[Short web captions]
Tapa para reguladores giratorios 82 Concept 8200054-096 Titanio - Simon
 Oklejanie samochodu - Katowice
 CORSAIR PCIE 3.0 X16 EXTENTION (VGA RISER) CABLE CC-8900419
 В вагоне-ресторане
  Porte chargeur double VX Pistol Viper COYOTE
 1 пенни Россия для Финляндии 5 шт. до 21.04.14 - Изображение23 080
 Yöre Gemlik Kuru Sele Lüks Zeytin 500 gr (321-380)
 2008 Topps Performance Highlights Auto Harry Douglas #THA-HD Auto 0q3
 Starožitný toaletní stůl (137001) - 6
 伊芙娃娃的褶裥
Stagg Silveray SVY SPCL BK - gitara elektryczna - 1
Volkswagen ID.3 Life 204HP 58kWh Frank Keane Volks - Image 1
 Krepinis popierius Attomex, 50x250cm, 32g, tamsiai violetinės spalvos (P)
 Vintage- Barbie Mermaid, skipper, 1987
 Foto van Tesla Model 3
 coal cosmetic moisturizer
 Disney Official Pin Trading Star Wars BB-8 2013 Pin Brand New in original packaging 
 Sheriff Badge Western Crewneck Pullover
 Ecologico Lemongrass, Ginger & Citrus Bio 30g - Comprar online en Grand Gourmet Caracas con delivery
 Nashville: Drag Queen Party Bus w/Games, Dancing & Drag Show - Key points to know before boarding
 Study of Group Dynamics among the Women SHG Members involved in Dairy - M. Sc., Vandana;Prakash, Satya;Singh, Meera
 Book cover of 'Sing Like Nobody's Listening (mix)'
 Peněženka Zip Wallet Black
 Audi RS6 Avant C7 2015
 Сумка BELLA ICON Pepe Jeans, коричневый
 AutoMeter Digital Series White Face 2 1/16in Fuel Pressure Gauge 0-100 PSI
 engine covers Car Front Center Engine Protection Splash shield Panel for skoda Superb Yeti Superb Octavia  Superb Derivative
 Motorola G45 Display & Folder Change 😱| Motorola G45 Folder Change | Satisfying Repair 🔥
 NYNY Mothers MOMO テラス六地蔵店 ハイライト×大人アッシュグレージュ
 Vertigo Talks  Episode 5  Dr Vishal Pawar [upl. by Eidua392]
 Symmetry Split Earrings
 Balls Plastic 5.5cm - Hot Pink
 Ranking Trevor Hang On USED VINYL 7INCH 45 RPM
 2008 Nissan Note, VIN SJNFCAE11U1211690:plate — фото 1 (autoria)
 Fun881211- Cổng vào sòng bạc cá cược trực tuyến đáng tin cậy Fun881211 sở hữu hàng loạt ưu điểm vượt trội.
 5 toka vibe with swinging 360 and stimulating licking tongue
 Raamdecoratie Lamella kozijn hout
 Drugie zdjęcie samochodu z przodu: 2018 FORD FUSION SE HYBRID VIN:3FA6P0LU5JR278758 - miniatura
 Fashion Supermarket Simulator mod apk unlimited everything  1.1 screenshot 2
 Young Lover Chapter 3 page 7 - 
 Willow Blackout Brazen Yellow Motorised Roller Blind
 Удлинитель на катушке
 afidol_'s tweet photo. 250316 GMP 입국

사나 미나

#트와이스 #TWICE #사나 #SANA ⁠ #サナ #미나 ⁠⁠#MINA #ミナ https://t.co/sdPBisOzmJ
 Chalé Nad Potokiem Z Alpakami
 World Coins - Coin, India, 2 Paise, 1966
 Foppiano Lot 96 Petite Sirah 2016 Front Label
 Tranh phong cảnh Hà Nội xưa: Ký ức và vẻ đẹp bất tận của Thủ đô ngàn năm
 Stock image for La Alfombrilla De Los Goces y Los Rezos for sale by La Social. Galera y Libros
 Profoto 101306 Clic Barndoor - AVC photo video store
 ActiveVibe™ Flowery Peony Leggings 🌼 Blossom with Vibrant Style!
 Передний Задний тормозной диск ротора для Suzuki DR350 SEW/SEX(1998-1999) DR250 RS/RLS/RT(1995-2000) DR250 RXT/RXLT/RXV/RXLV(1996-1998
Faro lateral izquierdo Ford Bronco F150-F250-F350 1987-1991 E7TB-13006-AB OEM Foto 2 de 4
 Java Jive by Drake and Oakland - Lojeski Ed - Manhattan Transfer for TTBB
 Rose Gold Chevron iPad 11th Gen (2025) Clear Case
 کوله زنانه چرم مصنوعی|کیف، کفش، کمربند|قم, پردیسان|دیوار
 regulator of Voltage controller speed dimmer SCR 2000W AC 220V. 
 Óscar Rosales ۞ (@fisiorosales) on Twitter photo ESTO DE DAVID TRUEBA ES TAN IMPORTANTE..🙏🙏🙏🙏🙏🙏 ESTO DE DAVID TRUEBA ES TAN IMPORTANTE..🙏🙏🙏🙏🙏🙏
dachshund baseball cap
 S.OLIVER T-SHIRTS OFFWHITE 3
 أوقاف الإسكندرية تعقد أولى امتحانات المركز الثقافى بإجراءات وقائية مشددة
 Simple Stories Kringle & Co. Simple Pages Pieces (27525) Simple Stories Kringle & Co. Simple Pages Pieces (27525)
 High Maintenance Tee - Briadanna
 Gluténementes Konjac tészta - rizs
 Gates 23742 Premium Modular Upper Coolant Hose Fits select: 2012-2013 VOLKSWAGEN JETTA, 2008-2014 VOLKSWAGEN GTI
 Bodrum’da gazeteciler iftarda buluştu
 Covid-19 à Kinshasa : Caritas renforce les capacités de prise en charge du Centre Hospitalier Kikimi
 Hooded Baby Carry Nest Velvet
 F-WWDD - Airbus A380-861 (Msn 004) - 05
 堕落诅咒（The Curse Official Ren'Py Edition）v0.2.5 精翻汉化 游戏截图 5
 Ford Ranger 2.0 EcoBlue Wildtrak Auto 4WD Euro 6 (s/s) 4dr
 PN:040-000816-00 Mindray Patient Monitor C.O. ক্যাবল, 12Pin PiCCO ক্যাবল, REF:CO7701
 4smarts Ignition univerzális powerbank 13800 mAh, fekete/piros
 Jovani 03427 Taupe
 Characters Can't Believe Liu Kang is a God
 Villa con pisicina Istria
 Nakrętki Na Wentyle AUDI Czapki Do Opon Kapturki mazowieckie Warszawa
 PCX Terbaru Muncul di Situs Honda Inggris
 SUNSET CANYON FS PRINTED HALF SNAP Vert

● **TASK BRIEF**
Copy exactly the stretch of data above from the line with "[upl. by Eidua392]" through the line with "Rose Gold Chevron", and omit all other lines.

● **WRITTEN ANSWER**
 Vertigo Talks  Episode 5  Dr Vishal Pawar [upl. by Eidua392]
 Symmetry Split Earrings
 Balls Plastic 5.5cm - Hot Pink
 Ranking Trevor Hang On USED VINYL 7INCH 45 RPM
 2008 Nissan Note, VIN SJNFCAE11U1211690:plate — фото 1 (autoria)
 Fun881211- Cổng vào sòng bạc cá cược trực tuyến đáng tin cậy Fun881211 sở hữu hàng loạt ưu điểm vượt trội.
 5 toka vibe with swinging 360 and stimulating licking tongue
 Raamdecoratie Lamella kozijn hout
 Drugie zdjęcie samochodu z przodu: 2018 FORD FUSION SE HYBRID VIN:3FA6P0LU5JR278758 - miniatura
 Fashion Supermarket Simulator mod apk unlimited everything  1.1 screenshot 2
 Young Lover Chapter 3 page 7 - 
 Willow Blackout Brazen Yellow Motorised Roller Blind
 Удлинитель на катушке
 afidol_'s tweet photo. 250316 GMP 입국

사나 미나

#트와이스 #TWICE #사나 #SANA ⁠ #サナ #미나 ⁠⁠#MINA #ミナ https://t.co/sdPBisOzmJ
 Chalé Nad Potokiem Z Alpakami
 World Coins - Coin, India, 2 Paise, 1966
 Foppiano Lot 96 Petite Sirah 2016 Front Label
 Tranh phong cảnh Hà Nội xưa: Ký ức và vẻ đẹp bất tận của Thủ đô ngàn năm
 Stock image for La Alfombrilla De Los Goces y Los Rezos for sale by La Social. Galera y Libros
 Profoto 101306 Clic Barndoor - AVC photo video store
 ActiveVibe™ Flowery Peony Leggings 🌼 Blossom with Vibrant Style!
 Передний Задний тормозной диск ротора для Suzuki DR350 SEW/SEX(1998-1999) DR250 RS/RLS/RT(1995-2000) DR250 RXT/RXLT/RXV/RXLV(1996-1998
Faro lateral izquierdo Ford Bronco F150-F250-F350 1987-1991 E7TB-13006-AB OEM Foto 2 de 4
 Java Jive by Drake and Oakland - Lojeski Ed - Manhattan Transfer for TTBB
 Rose Gold Chevron iPad 11th Gen (2025) Clear Case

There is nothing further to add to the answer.